Malang – Setelah terputus selama hampir satu tahun akibat diterjang banjir besar pada tahun 2024 lalu, jembatan penghubung antara Desa Donomulyo dan Desa Tempursari, Kecamatan Donomulyo, Kabupaten Malang, kini akhirnya mulai diperbaiki. Hingga pertengahan Desember 2025, progres pembangunan jembatan tersebut dilaporkan telah mencapai sekitar 60 persen.

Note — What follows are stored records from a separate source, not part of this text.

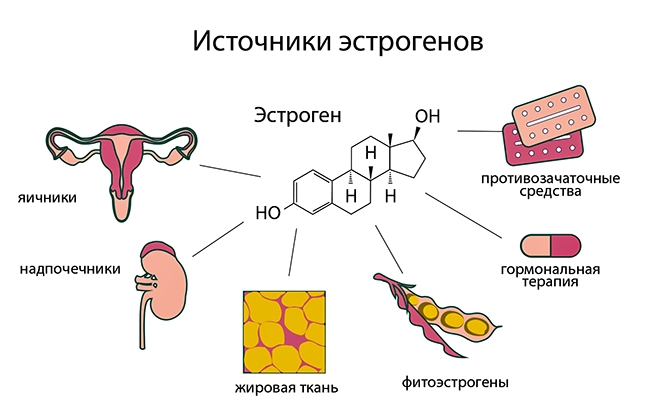 источники эстрогенов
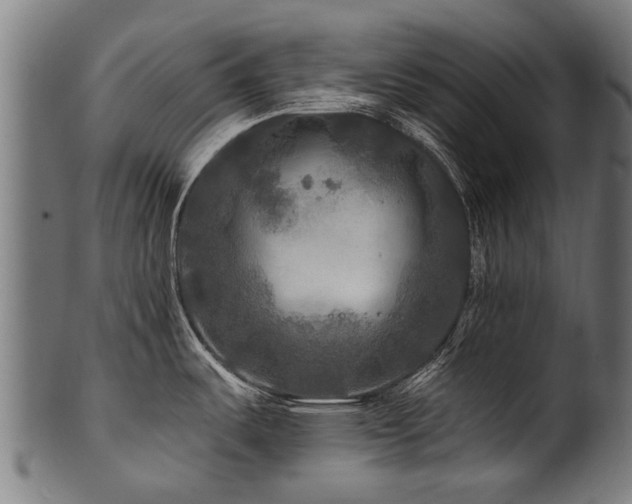 X0000100971487200806241539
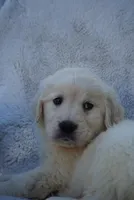 Bella , a female Golden Retriever for sale in Miami, FL – Photo 3 of 3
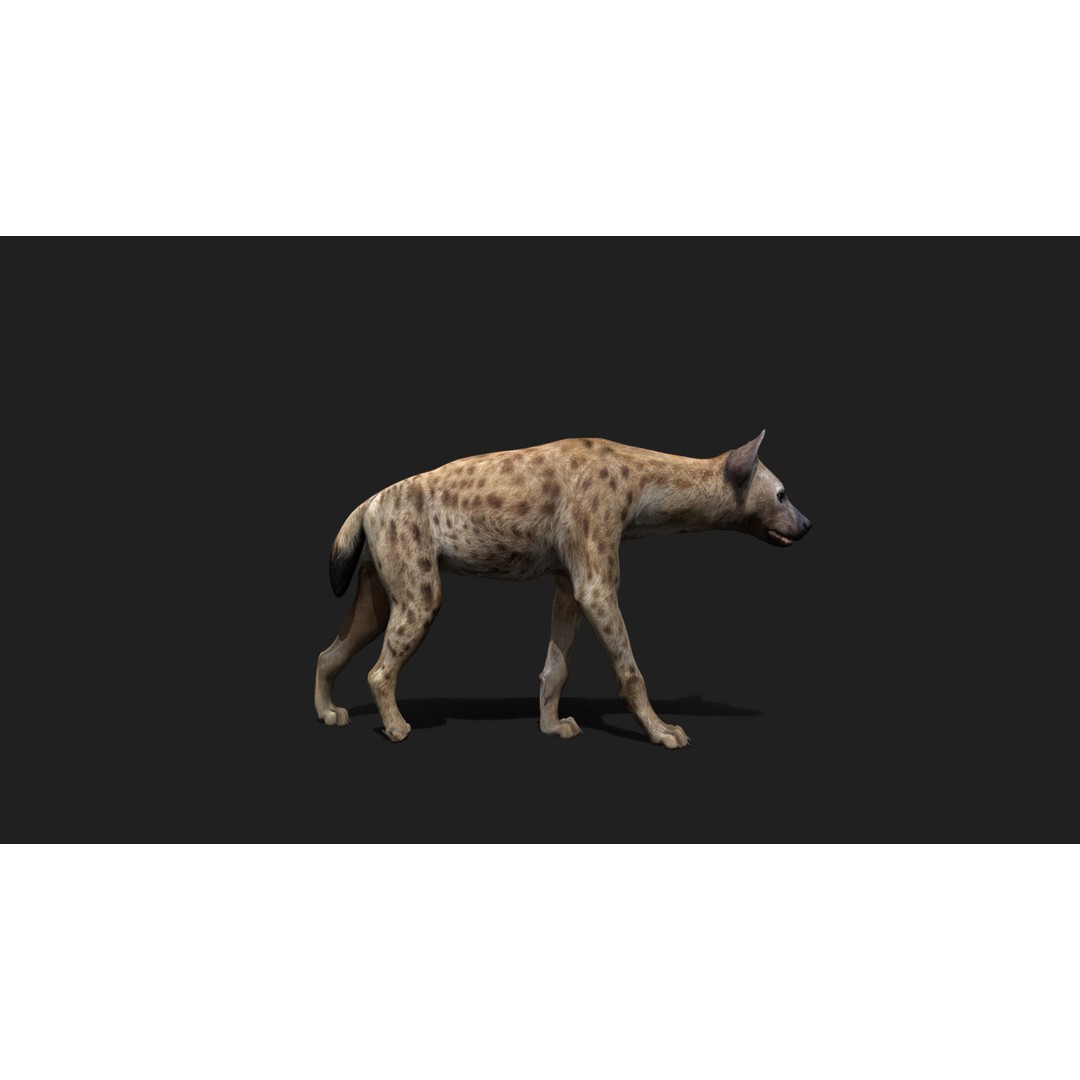 Realistic Hyena 3D Model – Low Poly Rigged Animation, FBX, Blender - View 6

Berdasarkan pantauan awak media di lokasi pada Senin (15/12/2025), terlihat struktur utama jembatan sudah berdiri kokoh. Pekerjaan konstruksi terus dilakukan oleh pihak pelaksana dengan fokus pada penguatan pondasi, pemasangan rangka jembatan, serta penyesuaian elevasi agar lebih tahan terhadap debit air sungai saat musim hujan.
Jembatan ini memiliki peran vital bagi aktivitas masyarakat, karena menjadi akses utama yang menghubungkan Desa Donomulyo dan Desa Tempursari. Sejak jembatan putus akibat banjir tahun 2024, warga terpaksa menggunakan jalur alternatif yang lebih jauh dan memakan waktu, sehingga berdampak pada kegiatan ekonomi, pendidikan, serta akses layanan sosial lainnya.
Sejumlah warga yang ditemui di sekitar lokasi mengaku lega dan menyambut baik dimulainya kembali perbaikan jembatan tersebut. Mereka berharap proses pembangunan dapat segera diselesaikan agar aktivitas masyarakat kembali normal dan mobilitas antar desa tidak lagi terhambat.
Pihak terkait juga diharapkan terus melakukan pengawasan agar kualitas pembangunan sesuai dengan standar teknis yang ditetapkan, sehingga jembatan yang dibangun nantinya lebih kuat, aman, dan mampu bertahan dalam jangka panjang. Dengan progres yang telah mencapai 60 persen, masyarakat optimistis jembatan penghubung Donomulyo–Tempursari dapat segera difungsikan kembali dalam waktu dekat.